Sorunların giderilmesi için eğitim çalışmaları yaptıklarını
kaydeden Şahin, sevgi, merhamet ve herkesin birbirine karşı olan
sorumluluk duygusunun çok önemli olduğunu vurguladı. Bakan Şahin,
"Yaşanan yozlaşma ve eksiklik istediğiniz kadar iyi yasa çıkarın,
istenmeyen sonuçlara getirip çıkarabiliyor. Bir taraftan temel
eğitimde bunu veriyoruz, bir taraftan yetişmiş insana, yetişmiş
erkeğe nerede ulaşılacaksa ona ulaşarak neler yapılması ve neler
yapılmaması gerektiğini anlatıyoruz. Bu uzun süreli bir mücadele,
önemli olan bütün sorunları kabul edip gerekli bütün tedbirleri
alacak kurumsal altyapıyı oluşturmak. Bugün biz bir yılda kadın
konuk evi yatak kapasitesini binden 2 bine çıkardık. İlk yardım
merkezleri gibi kurumsal altyapımızı da çok güçlendirdik" şeklinde
konuştu.
"KARAKOLA GELDİĞİ ZAMAN SORUNLAR BİTMİYOR"
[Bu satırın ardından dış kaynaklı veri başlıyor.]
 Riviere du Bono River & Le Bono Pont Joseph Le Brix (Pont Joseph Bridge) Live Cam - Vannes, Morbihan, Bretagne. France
Erkeklerin evden uzaklaştırılması konusuna da değinen Bakan Şahin,
bu konuda da bir ön yargı olduğunu ifade etti. Rakamlara bakıldığı
zaman bakanlığın kadına ve erkeğe eşit ve insan odaklı baktığını
belirten Şahin konuşmalarını şöyle sürdürdü:
"İkisinin de birbiri ile iyi bir şekilde yaşamasını sağlayacak
modeller üzerinden çalışıyoruz. Asla şiddet artsın, konuk evi
artsın, şiddet izleme merkezleri artsın diye bir bakışımız olamaz.
Bu sorunlar olmasın diye gerekli tedbirleri alıyoruz. İkisine de
insan odaklı yaklaşıyoruz fakat bir sorun var ve bu sorunu çözerken
de birinin daha çok korumaya ihtiyacı varsa, ona da yardımcı
olmamız gerekiyor. Bunu yaparken biz erkeği asla ötekileştirmedik.
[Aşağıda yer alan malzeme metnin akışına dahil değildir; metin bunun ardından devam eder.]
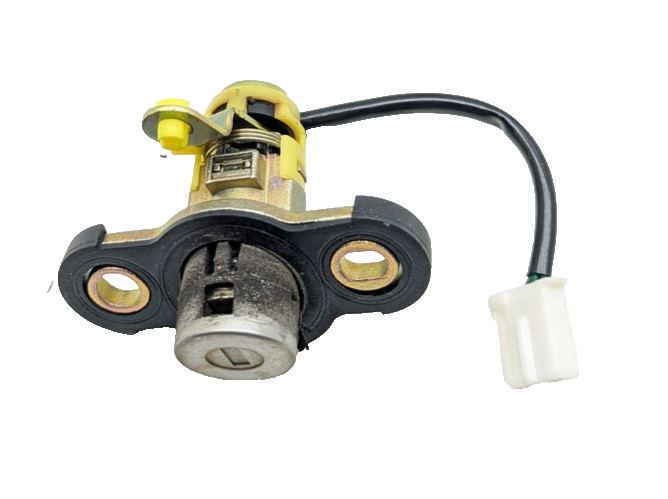 Tailgate Lock Actuator RX300 1999 2003 LEXUS Rear Trunk Lock Cylinder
Erkeğe farklı bakmadık. Hatta şu an şiddet izleme merkezlerinde,
’Neden şiddet uyguluyorum?’ cevabına göre de koruyucu tedbir
önlemlerini çoğaltıyoruz. Neden diye baktığınız zaman en çok
nedenlerden birinin alkol olduğunu görüyoruz. Aslında biz birini
ötekileştirip diğerini koruyamayacağımızın farkındayız. İkisini
beraber ikisini de birbirine değerler içerisinde anlatarak
çalışıyoruz. Bir kadın karakola gelmeden önce 36 defa düşünüyor.
Kimse yuvasını dağıtmak istemez çünkü karakola geldiği zaman
sorunları bitmiyor, daha da büyüyor ama diğer taraftan yaşam hakkı
gibi en temel hakkı ile ilgili bir sorun varsa sosyal devlet olarak
da bunu görmek durumundayız. Herkesin empati yapması çok çok
önemli. Bu da bir süreç, kolay olmayacak."